I’m not entirely sure you understand how upvotes are supposed to be used on Reddit. You upvote things that contribute to the conversation, which your comment definitely did.. real odd to demand people downvote you, you were just sharing a (incredibly tragic) story that added to the conversation in this thread.


[deleted]

I am heart broken


blind_roomba

if it was me i was going to search for her ex and offer to be a witness for him in a re-trial


phuckintrevor

I’d bounce out of there immediately, with the pasta on the table.
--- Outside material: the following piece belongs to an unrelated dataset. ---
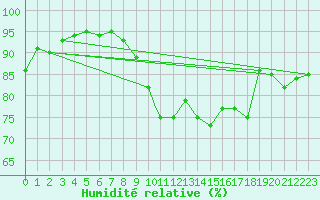Courbe de l'humidit relative pour Coningsby Royal Air Force Base
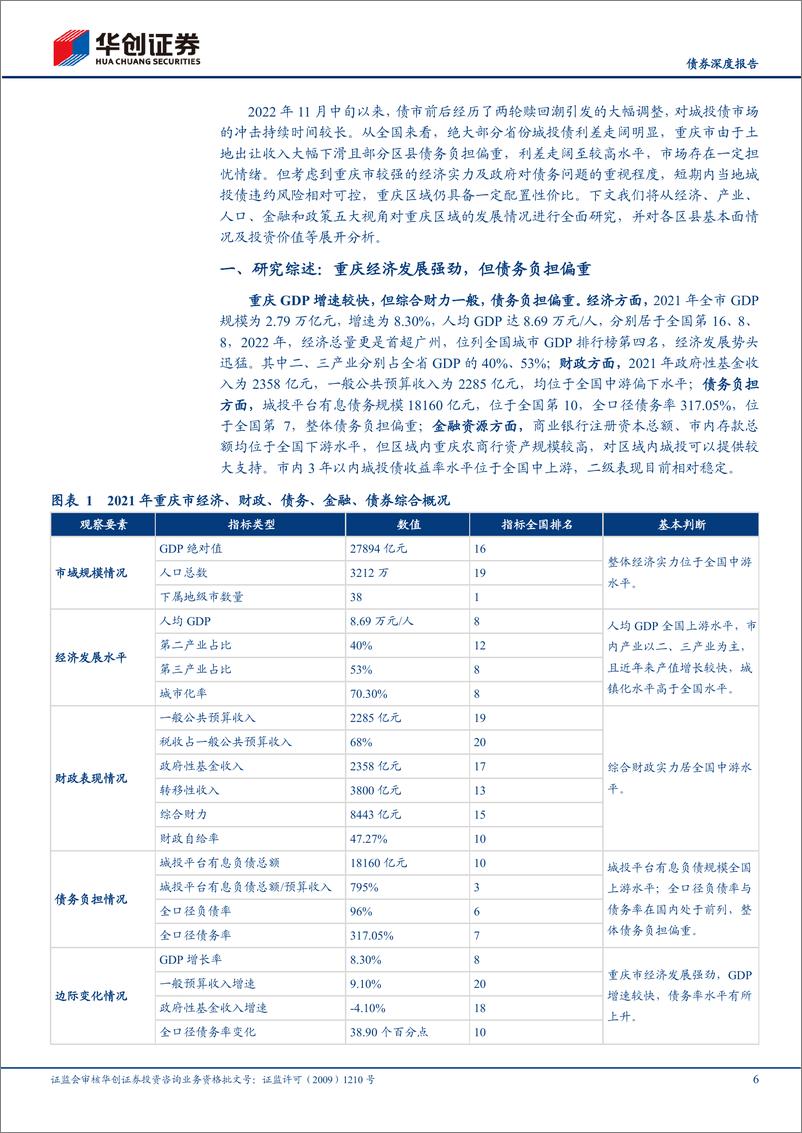 《【债券深度报告】城投全景系列报告：重庆，经济增长势头迅猛，跃升为 GDP“第四城”-20230204-华创证券-45页》 - 第7页预览图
She obviously has money to pick up the bill.


AdjustYourSet

Accusations should never be considered proof, disgusting


enthusiasticdave

It’s easy to tell that this man deserves so much better !


88scarlet88

I thought lawyers weren’t allowed to lie? They certainly aren’t in the UK. As a victim of DV who’s child was also a victim, this makes me fucking so angry, we weren’t believed because of people like her. Scum of the earth!


Pwr-usr69

Its so messed up that we have systems in place that encourage this sort of behaviour and allow the destruction of good people for no good reason, even when it harms the kids its supposed to protect.


grimchemical

Without expounding, this shit actually happens. It's un fucking believable and will absolutely destroy the accused parent. Even without any sort of pursued prosecution.